5        Aux termes de l’article 1er de cette directive, intitulé «Objet et champ d’application»:

«La présente directive définit un cadre commun pour la promotion de la production d’énergie à partir de sources renouvelables. Elle fixe des objectifs nationaux contraignants concernant la part de l’énergie produite à partir de sources renouvelables dans la consommation finale brute d’énergie [...] Elle établit des règles concernant les transferts statistiques entre les États membres, les projets conjoints entre ceux-ci et avec des pays tiers, les garanties d’origine, les procédures administratives, l’information, la formation et l’accès au réseau électrique pour l’énergie produite à partir de sources renouvelables. [...]»

6        L’article 2, second alinéa, sous j) à l), de ladite directive comporte les définitions suivantes:

«[...]

j)      ‘garantie d’origine’: un document électronique servant uniquement à prouver au client final qu’une part ou une quantité déterminée d’énergie a été produite à partir de sources renouvelables comme l’exige l’article 3, paragraphe 6, de la directive 2003/54/CE [du Parlement européen et du Conseil, du 26 juin 2003, concernant des règles communes pour le marché intérieur de l’électricité et abrogeant la directive 96/92/CE (JO L 176, p. 37)];

k)      ‘régime d’aide’: tout instrument, régime ou mécanisme appliqué par un État membre ou un groupe d’États membres, destiné à promouvoir l’utilisation de l’énergie produite à partir de sources renouvelables grâce à une réduction du coût de cette énergie par une augmentation du prix de vente ou du volume d’achat de cette énergie, au moyen d’une obligation d’utiliser ce type d’énergie ou d’une autre mesure incitative; cela inclut, mais sans s’y limiter, les aides à l’investissement, les exonérations ou réductions fiscales, les remboursements d’impôt, les régimes d’aide liés à l’obligation d’utiliser de l’énergie produite à partir de sources renouvelables, y compris ceux utilisant les certificats verts, et les régimes de soutien direct des prix, y compris les tarifs de rachat et les primes;

l)      ‘obligation d’utiliser de l’énergie produite à partir de sources renouvelables’: un régime national d’aide exigeant des producteurs d’énergie de produire une proportion déterminée d’énergie à partir de sources renouvelables, exigeant des fournisseurs d’énergie de proposer une proportion déterminée d’énergie produite à partir de sources renouvelables dans leur offre d’énergie ou exigeant des consommateurs d’énergie d’utiliser de l’énergie produite à partir de sources renouvelables dans une proportion déterminée. Ceci inclut les régimes en vertu desquels ces exigences peuvent être satisfaites en utilisant des certificats verts».

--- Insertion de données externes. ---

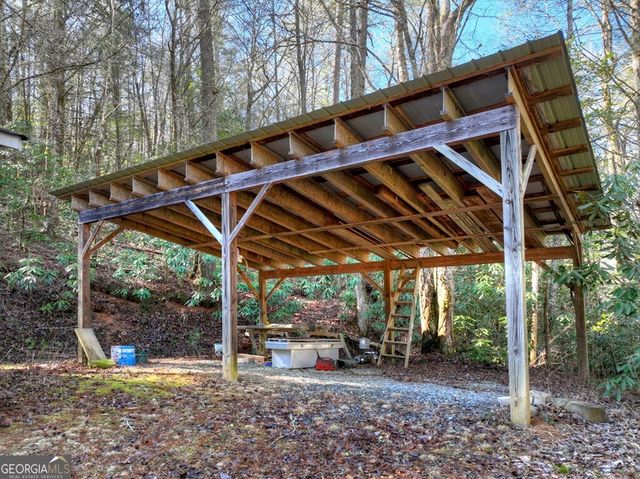7233 Shakerag Road, Ellijay, GA 30540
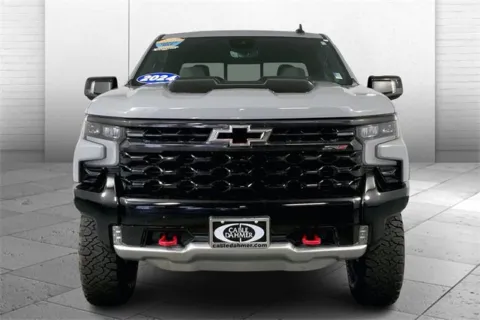 Photos of 2024 Chevrolet Silverado 1500 ZR2 for sale in Independence, MO at Cable Dahmer Chevrolet of Independence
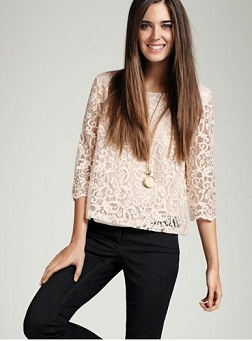 ropa casual de invierno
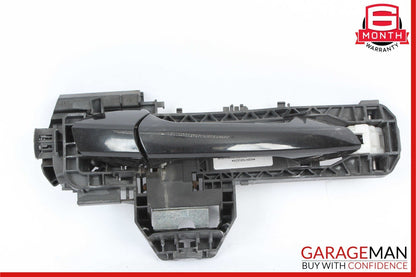 08-15 Mercedes C250 GLK350 Front or Rear Right Side Exterior Door Handle Black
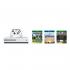 Microsoft S 500 Gb + Minecraft (ZQ9-00048) Игровая приставка Xbox One инструкция, поддержка, форум, описание, мануал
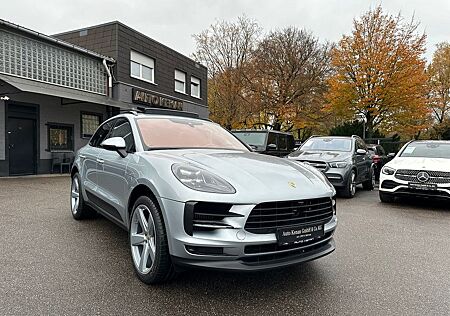 Porsche Macan S 1Hand/ACC/Chrono/Sp.AGA/Pano/STHZ/Carbon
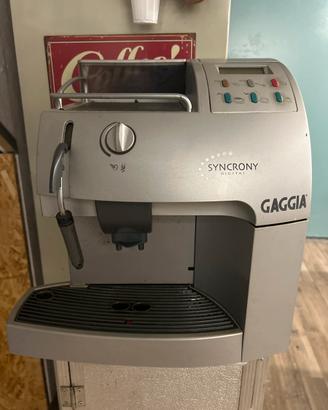 Gaggia Syncrony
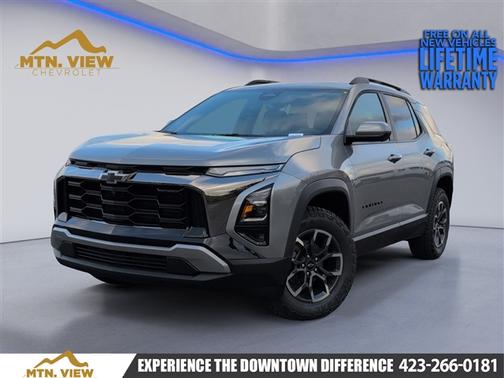 2026 Chevrolet Equinox ACTIV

7        L’article 3, paragraphes 1 à 3, de la directive 2009/28 dispose:

«1.      Chaque État membre veille à ce que la part d’énergie produite à partir de sources renouvelables, calculée conformément aux articles 5 à 11, dans sa consommation finale d’énergie en 2020 corresponde au minimum à son objectif national global en ce qui concerne la part d’énergie produite à partir de sources renouvelables pour l’année 2020, comme le prévoit le tableau figurant dans la partie A de l’annexe I, troisième colonne. Ces objectifs contraignants nationaux globaux sont cohérents avec l’objectif d’une part d’au moins 20 % d’énergie produite à partir de sources renouvelables dans la consommation finale brute d’énergie de la Communauté d’ici à 2020. [...]

2.      Les États membres mettent en place des mesures conçues de manière efficace pour garantir que leur part d’énergie produite à partir de sources renouvelables est au moins égale à celle prévue dans la trajectoire indicative établie dans l’annexe I, partie B.

3.      Afin d’atteindre les objectifs fixés aux paragraphes 1 et 2, les États membres peuvent notamment appliquer les mesures suivantes:

a)      régimes d’aide;

b)      mesures de coopération entre différents États membres et avec des pays tiers pour atteindre leurs objectifs nationaux globaux, conformément aux articles 5 à 11.

Sans préjudice des articles [107 TFUE] et [108 TFUE], les États membres ont le droit de décider, conformément aux articles 5 à 11 de la présente directive, dans quelle mesure ils soutiennent l’énergie provenant de sources renouvelables qui est produite dans un autre État membre.»

8        Aux termes de l’article 5, paragraphes 1 et 3, de cette directive:

«1.      La consommation finale brute d’énergie produite à partir de sources renouvelables dans chaque État membre est calculée comme étant la somme:

a)      de la consommation finale brute d’électricité produite à partir de sources d’énergie renouvelables;

[...]

3.      Aux fins du paragraphe 1, point a), la consommation finale brute d’électricité produite à partir de sources d’énergie renouvelables est la quantité d’électricité produite dans un État membre à partir de sources renouvelables, [...]»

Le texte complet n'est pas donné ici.